Thank you so much to Hachette Australia for providing me with a copy of Wonderland, in exchange for an honest review!

 

When Alice’s friend Bunny hasn’t been seen for a few days, no-one seems to be worried.  Bunny has a habit of doing a disappearing act and turning up weeks later.  But Alice gets the feeling that something just isn’t right.  After snooping through Bunny’s locker, she finds a strange clue that sends her to a website that seems to be an invitation to a party.  Determined to find Bunny and make sure she’s ok, Alice pays the exorbitant party fee and goes to the place detailed on the invitation.  Things only get stranger from there, from figuring out how to get through the tiny door to the party, to the boy who runs a shaming site, called Caterpilr, to internet sensations, The Tweedles, and the mysterious girl called Cat, Alice is trapped in a place where anything goes, and and a deadly ‘queen’ wants to rule over it all.

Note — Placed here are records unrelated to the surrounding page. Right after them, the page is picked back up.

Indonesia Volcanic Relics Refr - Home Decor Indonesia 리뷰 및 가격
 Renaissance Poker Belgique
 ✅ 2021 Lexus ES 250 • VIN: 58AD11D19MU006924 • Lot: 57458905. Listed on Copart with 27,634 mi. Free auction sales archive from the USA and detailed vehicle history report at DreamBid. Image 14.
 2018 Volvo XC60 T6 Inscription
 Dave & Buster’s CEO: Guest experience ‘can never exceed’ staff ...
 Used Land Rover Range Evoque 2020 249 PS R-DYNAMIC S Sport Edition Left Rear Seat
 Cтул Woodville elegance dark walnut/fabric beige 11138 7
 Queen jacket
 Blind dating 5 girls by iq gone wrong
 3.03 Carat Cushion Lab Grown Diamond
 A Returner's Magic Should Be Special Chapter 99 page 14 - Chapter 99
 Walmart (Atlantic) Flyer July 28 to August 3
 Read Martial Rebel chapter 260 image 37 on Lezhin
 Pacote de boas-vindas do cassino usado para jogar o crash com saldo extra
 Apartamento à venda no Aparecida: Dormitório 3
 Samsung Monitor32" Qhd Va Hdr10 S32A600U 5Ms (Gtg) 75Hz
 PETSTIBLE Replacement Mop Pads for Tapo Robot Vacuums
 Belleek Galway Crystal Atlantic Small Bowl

Although I love retellings with all my heart, I think I enjoy them more when they are subtle – when there aren’t too many references to quotes from the original book or obvious character copies, so I found Wonderland a little hard to get in to.  The story was definitely interesting and managed to capture that ‘down the rabbit hole’ Alice in Wonderland feeling perfectly, but I just would have preferred to have to think harder to put the pieces together.

Alice was a brilliant MC though, a trans girl struggling through all the teenage insecurities that come with working out your place in the world and a wonderful snarky attitude to go with it.

The issues explored in Wonderland, especially with regard to privilege and the tendency for money and power to tempt people to look the other way, when they shouldn’t, were important and well done.   The story was a little slow (although that could be attributed to the meandering like feel of Alice in Wonderland itself) and the ending seemed a bit too neat.  I almost wish there were a few loose ends left to the imagination, to round out that intriguing ‘Wonderland’ feel.